Customers shop at Macy's department store in New York
Customers shop at Macy's department store in New York. Reuters

There's a sea change underway in corporate America.

For decades, top executives preached the gospel of Gordon Gekko, proudly declaring "greed is good." They happily outsourced jobs, price-gouged customers and despoiled the environment -- anything to maximize shareholder value.

But now, executives admit this rapacious behavior isn't sustainable. In August, the Business Roundtable, an association of top CEOs, pledged to advance the interests of workers, customers, local communities, and the environment, not just shareholders.

This promise is encouraging. But anyone can issue feel-good press releases. CEOs can demonstrate they're serious by transforming their firms into "B corporations," which legally bind themselves to the common good. Making this transition isn't merely the right thing to do; it'd also improve long-term financial performance.

Becoming a B corporation isn't easy -- but it proves companies' commitment to sustainability beyond a shadow of a doubt. Aspiring B corporations first apply to B Lab, a nonprofit that grades how applicants treat their employees, communities, and the environment on a scale of 1 to 200. B Lab then helps applicants develop customized improvement plans.

These firms also reincorporate as benefit companies or revise their articles of incorporation to reflect their new legal responsibilities towards all stakeholders, not just shareholders. To retain this coveted designation, B corporations undergo reassessments every three years.

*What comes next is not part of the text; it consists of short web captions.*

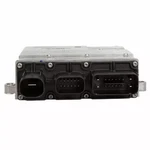 Genuine Ford Diesel Glow Plug Controller Bc3z-12b533-c. Fixed Price $306.18.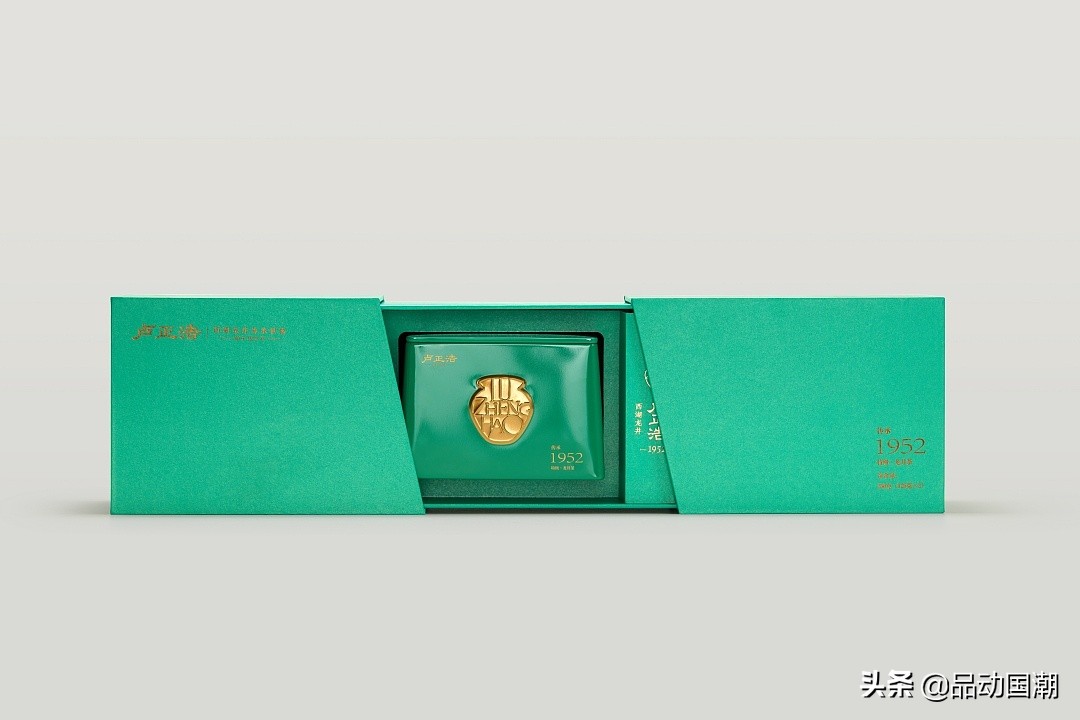 白娘子与小青潮汕,白娘子和小青亚运会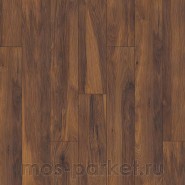 Ламинат Krono Original Vintage 8156 Красный Речной Гикори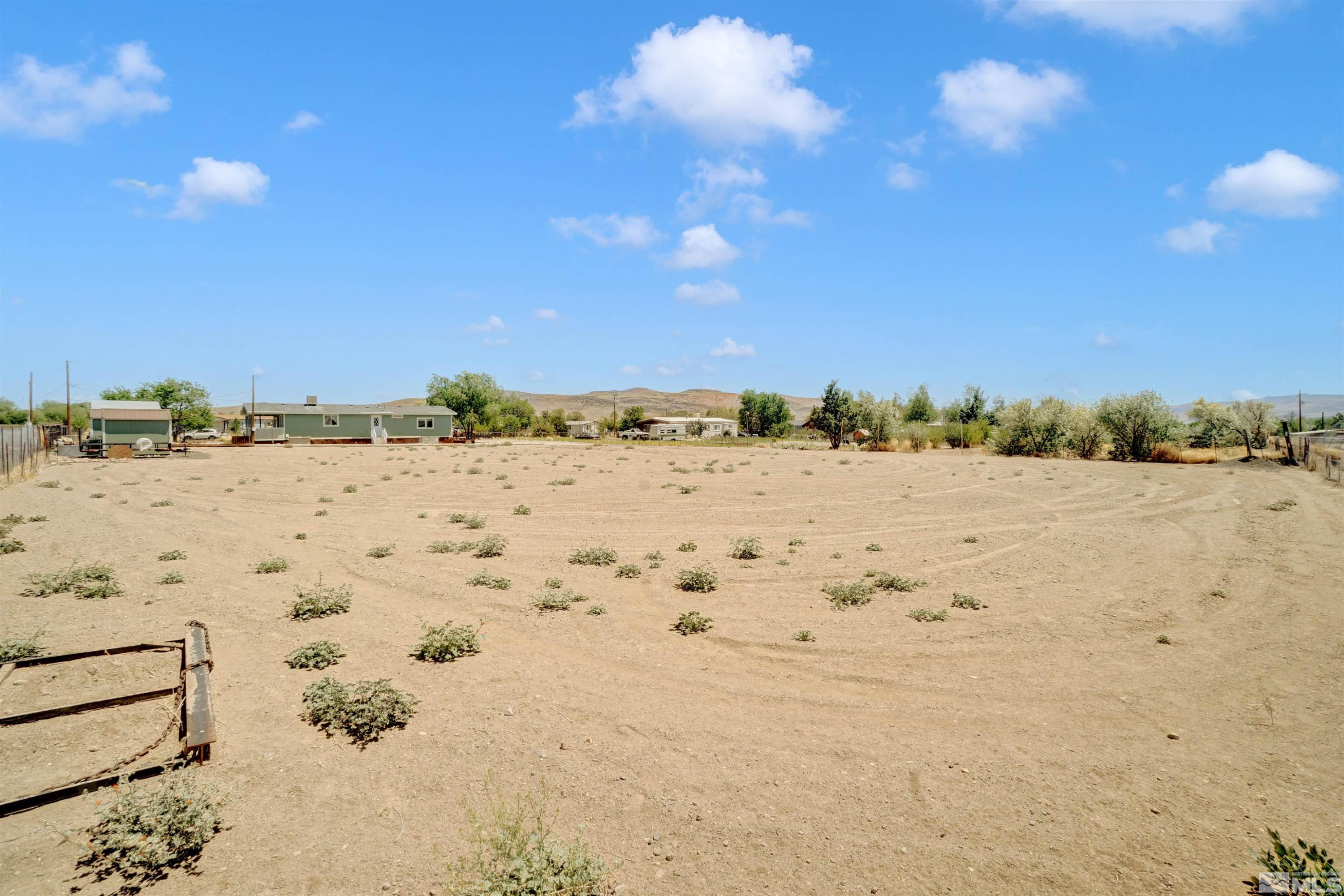5295 Meadow Lane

When firms put people before short-term profits, they often outperform traditional corporations in the long run. That's largely because today's consumers frown upon corporate greed. Seventy-five percent of Americans say they won't shop at companies that don't reflect their values. And 65 percent do their own research to verify firms' social and environmental claims.

Many shoppers deliberately patronize companies that advance the greater good. Just look at Unilever, the multinational firm famous for Dove body wash, Lipton tea, and Ben & Jerry's ice cream. The company's "sustainable" brands are growing 30 percent faster than its other brands. Ben & Jerry's, for example, has tripled revenue since 2000 while increasing its social and environmental advocacy.

Or look how consumers have rewarded cosmetics company Natura, which became the world's largest B corporation in 2014. Since revising its corporate articles to serve all stakeholders, its share price has doubled.

These aren't anomalies. In the United Kingdom, B corporations are growing 28 times faster than the economy as a whole.

B corporations heavily invest in their local communities. Consider my company, Cabot Creamery, the first dairy co-op to become a certified B corporation. We send free resources and samples to local parent-teacher events and fundraisers. Such goodwill gestures engender long-term customer loyalty and help us retain employees, who live in these communities, after all.

No Business Roundtable members have taken the B corporation plunge yet. But there's no reason for their CEOs to hesitate. As numerous B corporations have proved, sustainability needn't come at the expense of profitability.

Ed Townley is CEO of Cabot Creamery Co-op.